First there was social networking … now what?

via Motherboard

Last year, the Arab Spring, Wikileaks, and the Occupy Movement came to fruition thanks in part to the widespread availability of social media. Status updates allowed people to organize flash mobs and protests while Twitter and Ustream allowed people to watch and comment on the action from anywhere around the world. The survival and success of many large scale initiatives, political or commercial, now hinges in part on how they exploit web-based technology and reign in user-interaction.
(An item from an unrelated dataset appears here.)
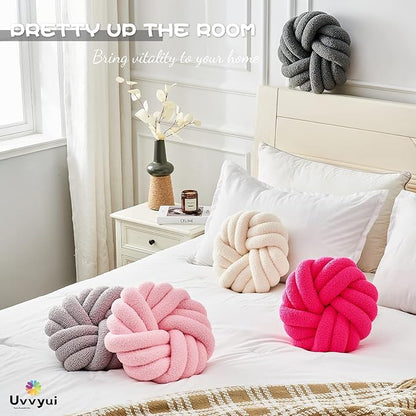 Uvvyui Knot Pillows, 14 Inch Decorative Throw Pillows Round Pillows Cushion, Soft Handmade Knotted Ball Pillow Plush Cushion Home Decor for Bed Couch Living Room (Rose Red, 14 Inch)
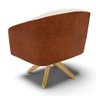 Poltrona Decorativa Giratória Kit 2 Stella Corano Nozes C/ Linho Areia - 7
All sorts of real-time collaboration tools have been steadily rising in popularity. My Dropbox account has been near it’s limit for months and Google Docs continues to obnoxiously insert itself in between me and the documents I so desire. Collabedit, a tool for working on bits of code together and evaluating programmers, has definitely found it’s niche.  Etherpad and Pastebin have allowed groups like Anonymous to share all sorts of critical (and controversial) time-sensitive data. And the ever-so anxious publishing industry probably has something to gain (or fear) from services like Storify and Submittable (though only the former fulfills any sort ‘real-time’ criteria).
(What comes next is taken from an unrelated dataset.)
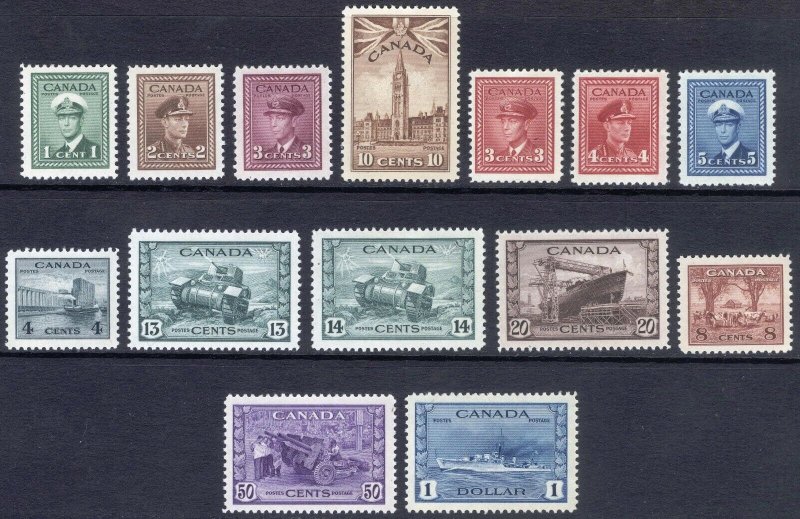 Canada 1942 1c-$1 War Effort SG 375-388 Scott 249-262 UMM/MNH Cat £150($200)+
The iPhone 4s’s Siri (Speech Interpretation and Recognition Interface) has familiarized the public with real-time voice call-and-response. It’s a neat little personal assistant but in terms of interactivity, it’s a blackbox for user-to-Apple communication (as the Apple business model dictates).
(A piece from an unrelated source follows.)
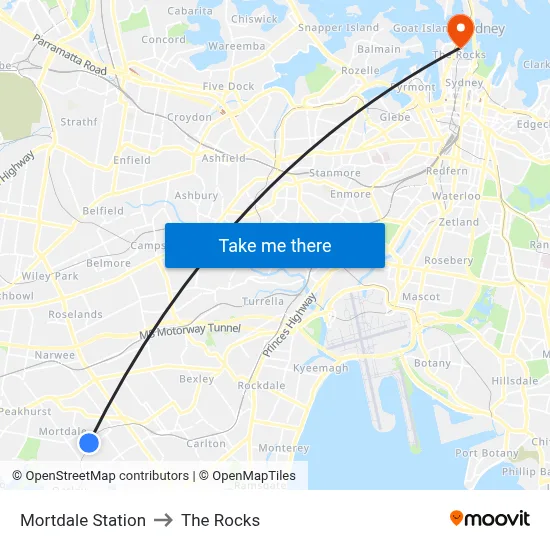 Mortdale Station to The Rocks map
I expect we will see more customized services like Food52′s real-time, crowd-sourced food Hotline service. There are certainly a lot of services offering variations on this sort of functionality (c.f. the countless ‘rate my outfit’ services), the challenge will be in teasing out clever and concise user interaction for more niche target markets and use-cases (that can generate revenue as well use).

So, what else?

Well, more video, duh.

Tim Pool talked with Vice about phoning it in from OWS.

All sorts of video streaming services are popping up. Westerners keyed in on Tim Pool’s UStream of the Occupy Wallstreet protests and Noisey has streamed six Special Engagements from all over the world through Livestream.  Real-time streaming of protests and violence here and afar brings to mind the role of conflict photography during the World Wars and the role of cinematography and broadcast TV during the Vietnam War.

Wirewax‘s video tagging service recently got big press with this (obnoxiously oversized) shoppable video …

A definite improvement over Youtube’s annotation feature and it really makes you wonder about the potential of real-time video tagging.

 

A few months ago, Interlude.fm introduced the media-savvy to their choose-your-own-adventure video platform with a promo for Fox’s New Girl. Since then, Brooklyn-based Chairlift made a similar but decidedly cooler (featured above).  I should just mention the word gamification.  Gamification.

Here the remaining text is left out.